MATERIAL SUPPLIED Block Start

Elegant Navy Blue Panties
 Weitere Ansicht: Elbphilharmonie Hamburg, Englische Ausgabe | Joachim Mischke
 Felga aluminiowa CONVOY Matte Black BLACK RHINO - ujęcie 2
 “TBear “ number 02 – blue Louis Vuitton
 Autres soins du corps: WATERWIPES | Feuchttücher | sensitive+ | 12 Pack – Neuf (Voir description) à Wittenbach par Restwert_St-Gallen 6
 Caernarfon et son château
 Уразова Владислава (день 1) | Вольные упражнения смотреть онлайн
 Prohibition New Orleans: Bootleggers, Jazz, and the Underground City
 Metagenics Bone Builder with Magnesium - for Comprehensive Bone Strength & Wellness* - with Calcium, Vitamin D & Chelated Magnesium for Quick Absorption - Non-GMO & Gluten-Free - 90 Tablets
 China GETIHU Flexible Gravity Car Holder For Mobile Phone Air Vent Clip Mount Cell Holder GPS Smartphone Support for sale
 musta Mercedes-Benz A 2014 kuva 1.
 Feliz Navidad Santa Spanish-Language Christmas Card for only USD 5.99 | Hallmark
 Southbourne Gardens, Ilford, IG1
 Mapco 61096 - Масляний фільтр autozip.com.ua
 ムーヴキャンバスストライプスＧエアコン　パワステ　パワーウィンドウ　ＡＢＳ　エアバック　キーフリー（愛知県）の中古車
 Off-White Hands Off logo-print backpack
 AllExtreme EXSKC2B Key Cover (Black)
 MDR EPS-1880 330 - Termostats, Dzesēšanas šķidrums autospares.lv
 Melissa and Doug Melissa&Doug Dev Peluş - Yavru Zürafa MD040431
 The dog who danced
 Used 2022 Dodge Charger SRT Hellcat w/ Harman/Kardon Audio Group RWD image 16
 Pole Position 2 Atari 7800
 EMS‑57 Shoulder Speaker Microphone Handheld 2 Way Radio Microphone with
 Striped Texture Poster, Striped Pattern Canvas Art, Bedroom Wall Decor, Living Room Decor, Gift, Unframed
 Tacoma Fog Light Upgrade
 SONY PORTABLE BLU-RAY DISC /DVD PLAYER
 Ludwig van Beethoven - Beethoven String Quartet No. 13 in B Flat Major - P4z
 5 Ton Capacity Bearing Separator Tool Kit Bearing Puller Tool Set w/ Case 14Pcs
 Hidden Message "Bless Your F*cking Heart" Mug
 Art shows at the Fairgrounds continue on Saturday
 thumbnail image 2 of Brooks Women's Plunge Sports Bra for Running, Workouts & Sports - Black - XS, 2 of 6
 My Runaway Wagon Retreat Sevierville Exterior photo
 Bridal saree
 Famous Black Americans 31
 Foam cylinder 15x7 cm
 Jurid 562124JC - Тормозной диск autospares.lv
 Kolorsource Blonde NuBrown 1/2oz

MATERIAL SUPPLIED Block End

YOUR INSTRUCTIONS :: Output nothing but the line containing "Feliz Navidad Santa" and each line after it in the entries above, exactly as written.

RESULT OF THE EXERCISE ::
 Feliz Navidad Santa Spanish-Language Christmas Card for only USD 5.99 | Hallmark
 Southbourne Gardens, Ilford, IG1
 Mapco 61096 - Масляний фільтр autozip.com.ua
 ムーヴキャンバスストライプスＧエアコン　パワステ　パワーウィンドウ　ＡＢＳ　エアバック　キーフリー（愛知県）の中古車
 Off-White Hands Off logo-print backpack
 AllExtreme EXSKC2B Key Cover (Black)
 MDR EPS-1880 330 - Termostats, Dzesēšanas šķidrums autospares.lv
 Melissa and Doug Melissa&Doug Dev Peluş - Yavru Zürafa MD040431
 The dog who danced
 Used 2022 Dodge Charger SRT Hellcat w/ Harman/Kardon Audio Group RWD image 16
 Pole Position 2 Atari 7800
 EMS‑57 Shoulder Speaker Microphone Handheld 2 Way Radio Microphone with
 Striped Texture Poster, Striped Pattern Canvas Art, Bedroom Wall Decor, Living Room Decor, Gift, Unframed
 Tacoma Fog Light Upgrade
 SONY PORTABLE BLU-RAY DISC /DVD PLAYER
 Ludwig van Beethoven - Beethoven String Quartet No. 13 in B Flat Major - P4z
 5 Ton Capacity Bearing Separator Tool Kit Bearing Puller Tool Set w/ Case 14Pcs
 Hidden Message "Bless Your F*cking Heart" Mug
 Art shows at the Fairgrounds continue on Saturday
 thumbnail image 2 of Brooks Women's Plunge Sports Bra for Running, Workouts & Sports - Black - XS, 2 of 6
 My Runaway Wagon Retreat Sevierville Exterior photo
 Bridal saree
 Famous Black Americans 31
 Foam cylinder 15x7 cm
 Jurid 562124JC - Тормозной диск autospares.lv
 Kolorsource Blonde NuBrown 1/2oz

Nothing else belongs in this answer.